Ever since undergraduate days in Bristol in the 1970s, I have felt fully imbued with the quantitative locational analysis tradition in geography - not least because some of the origins to the approach can be traced to Bristol in the 1960s. Yet I share the frustration aired in some of the other position papers that the spatial 'mainstream' to geography has been sidelined in the major geography journals, that it accounts for a reduced real share of intellectual activity in the subject, that its interdisciplinary outreach has been limited, and that today's GIS practice appears to develop largely separately from academia. (At least GIS and RS together make up one of six 'specialisms' that are key to UK central government's ranking of subject performance in what remains a mainstream discipline).

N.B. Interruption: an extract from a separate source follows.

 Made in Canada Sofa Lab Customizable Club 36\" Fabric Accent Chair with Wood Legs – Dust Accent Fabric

I should like to comment on the way that research practice and, in particular, data handling, may contribute to this state-of-affairs, and to suggest how reconfiguring some priorities in spatial analysis might be beneficial.

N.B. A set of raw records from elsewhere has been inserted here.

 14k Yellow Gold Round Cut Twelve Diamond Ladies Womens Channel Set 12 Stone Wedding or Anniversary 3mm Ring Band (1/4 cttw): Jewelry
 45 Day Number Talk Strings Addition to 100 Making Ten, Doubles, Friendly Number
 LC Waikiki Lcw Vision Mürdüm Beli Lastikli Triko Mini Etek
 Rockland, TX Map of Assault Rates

Spatial analysis, like econometrics, has benefited from the proliferation of digital data sources in recent years. Today's spatial data models allow far 'thicker' depictions of geographical reality to be created than those I cut my own teeth on. The transformational (Martin 1996) or simplifying assumptions entailed in building GIS-based models of real world spatial distributions have become much less heroic as a consequence. And of course it is well known that developments in computer hardware remain more or less commensurate with the increase in available data, making it possible to explore and model spatial interactions in more detail than ever before. Viewed in this context it is paradoxical that, in the UK at least, there is less faith than ever in 'predict and provide' approaches to planning, that business and service planning is turning away from conventional spatial analysis and that some of the spatial analysis community view essentially 'black box' techniques with increasing favour. Why is this the case?

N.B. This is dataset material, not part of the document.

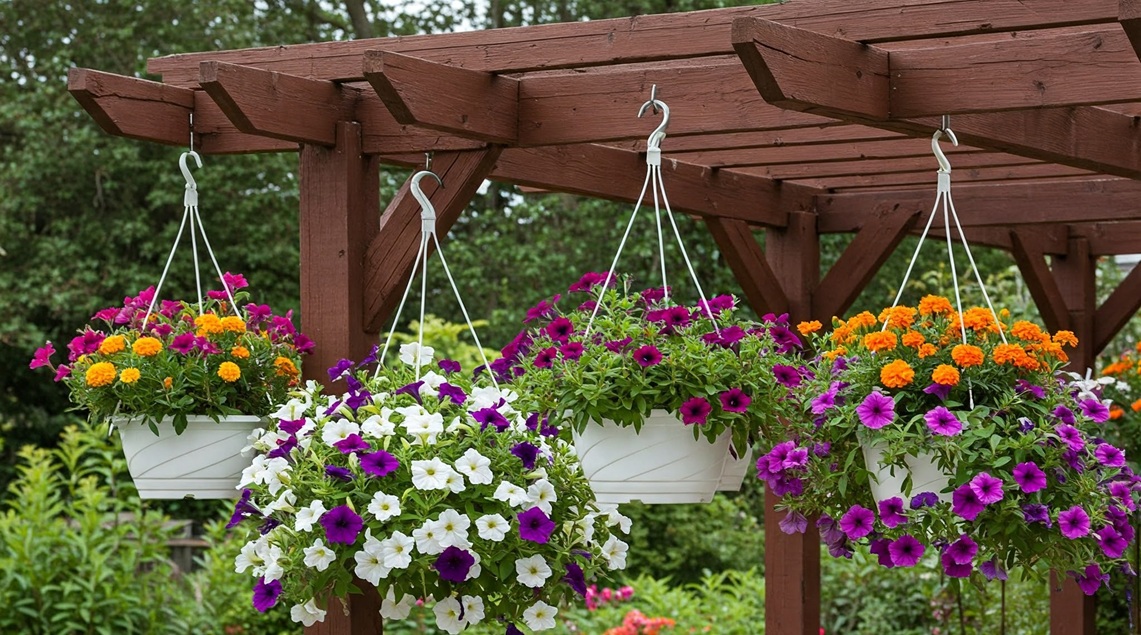 1. Hanging Baskets: Traditional Yet Stylish for Patios and Balconies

In the socio-economic realm one suggestion might be that any increase in the sophistication of analytical models has been more than outpaced by increases in the complexity of the systems themselves - witness, for example, the scale and pace of change in the physical forms of urban systems, or the fragmentation of household consumption patterns and lifestyles. A variant on this theme is suggested by Curry (1995) and others who seem to suggest that the quality of digital data can never be adequate for the resolution of significant problems of real world concern. A third suggestion, which is the one I will pursue here, is that the research community should refocus effort away from abstract semantic discussion or analytical elegance and towards the messy empirical problems of data integration. This should be done in as rational, orderly and application-centric a fashion as possible.
Goodchild and Longley (1999) appraise of the 'linear project design' as a model for contemporary research in natural and social science. For generations of students, the formulation of research hypotheses has been followed by choice of a data collection method (and designing a survey schedule, as appropriate), identifying a sample design, piloting, field collection of data (with verification and resampling), collation of results, analysis, and report-writing. They reflect that, although this robust and defensible schema has underlain generations of student dissertations, it was never a panacea in practice, for reasons of data resolution, surrogacy and timeliness - and the amount of funding available for scientific research (we're all researchers now!). Today's GIS environment is also characterised by datasets which are collected by many different means and which pass through many hands. Many of the problems of data resolution, surrogacy and timeliness are today less problematic, yet more data are second hand and more data are collected using unscientific research designs (indeed they are often not principally collected for 'research' at all).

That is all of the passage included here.